A score card system for users.
Written in Erlang to speed delivery of the project, though the fundamentals should be the same if written in Elixir.
This is in process of being implemented in elixir. To run the incomlete elixir version,
use mix
or mix test
for the tests.
Building requires git, erlang 22.1 or newer, and make.
make
dialyzer was not used as building the plt was time I did not yet want to spend. However, there are unit tests at least:
make tests
The command below will start and interactive erlang session, and start the server running on port 7654.
make shell
To query the server, point a curl request (or browser) to the server and ask for the user id you wish to know about:
curl "http://localhost:7654/scores/97"
This will likely return a "0" as no user has been scrapped and imported yet. To get some data, you can, on the erlang shell, add some:
github_score_datastore:increment_user(97, 5).
The next time you curl above, you will get "5". If you repeat the same increment, the next curl request will be "10", as it keeps a running tally.
This is primarily a proof of concept, and not what I would deliver as a final product. It's close, but needs at least another day of polish. The following is missing:
- Logging. Currently only otp events are logged, and only to the console. This makes it unsuitable for release, but adding logging using the existing erlang logger module is trivial. Mainly this is creating a reasonable default.
- Configuration. The port, github url, and function that populates the datastore from the poller are all hard-coded. While the last is likely to stay that way, it should be moved out of the supervisor and into some module that the supervisor can then reference. The others are obvious on why they should be configurable.
- Dialyzer. While I've attempted to keep the types clean and documented, there is no replacement for a tool. Yet another relatively simple thing to add.

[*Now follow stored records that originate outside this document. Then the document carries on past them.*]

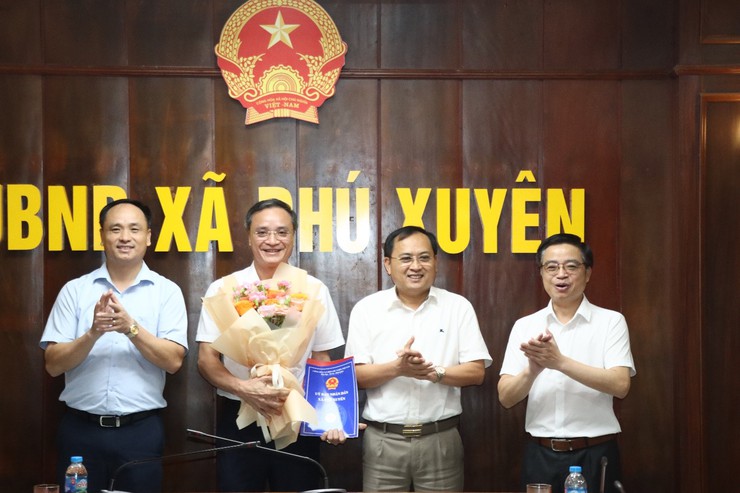 Hội nghị Công bố và trao Quyết định bổ nhiệm cán bộ Ban Chỉ huy quân sự và Trạm trưởng Trạm Y tế xã- Ảnh 2.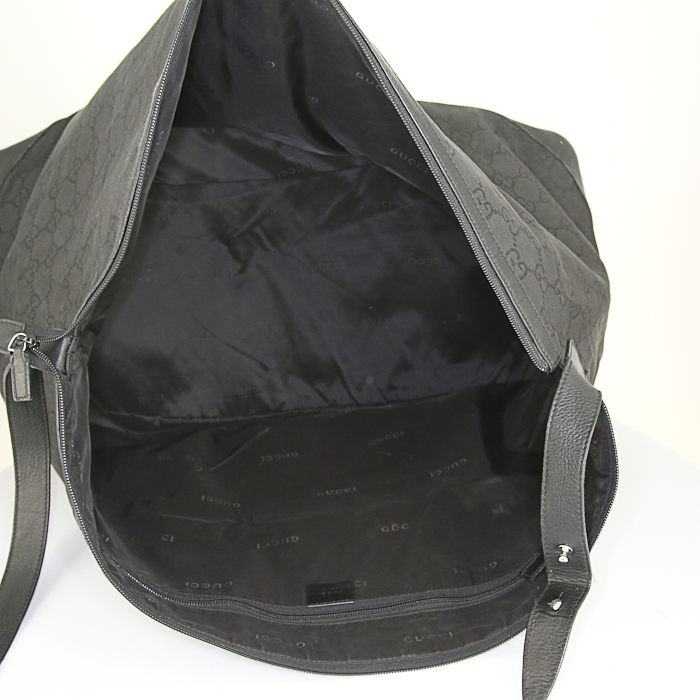 Bolsa de viaje Gucci en lona Monogram negra y cuero negro - Detail D2
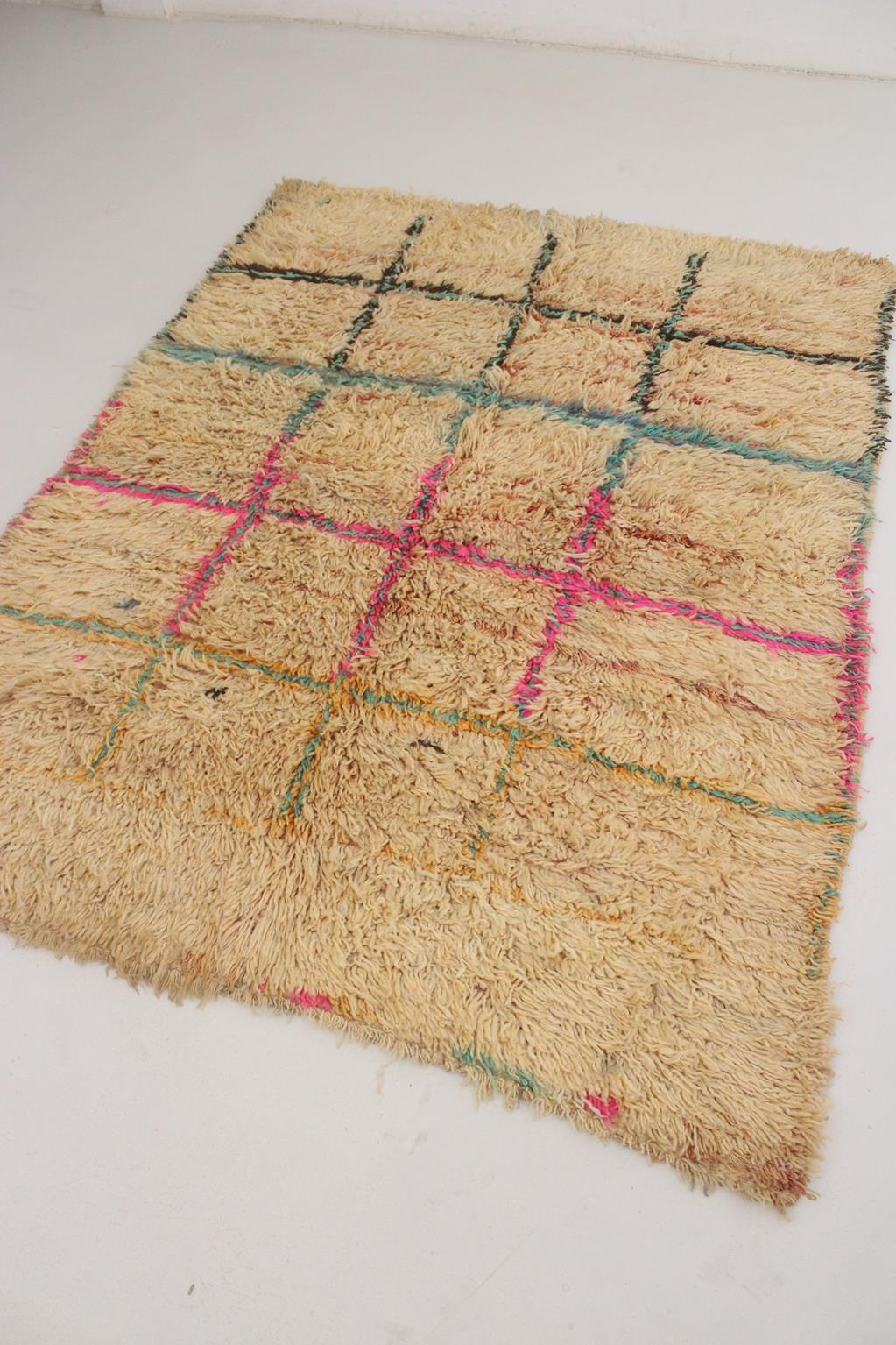Vintage area moroccan rug - peach - Boujad - 5.9x7.8feet / 180x240cm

- Data storage. The datastore is ets, which is memory only. Even a simple switch to using dets, the disk backed version of ets, would be an improvement. For the purpose of the project as presented, anything more is likely overkill. Fortuately, datastore does not expose an underlying implementation, so swapping that is an isolated change.
- Improved Polling. The polling as implemented is very naive. It doesn't handle pagination, primarily, and so could lose or miss data. This would need to be shored up.
- Webhook. Polling was the simplest thing that could work, and may end up being all we need. This is more of a feature that could be revisited than a hard requirement for me to be satisfied the job is "done".
- Documentation. I never know if the documentation I've provided is enough or fully correct.
Some of this would come out of code review, some from ci, and some from personal pride. But in the interest of time, I've decided to present what I have done, and present what I would do if this was a real project.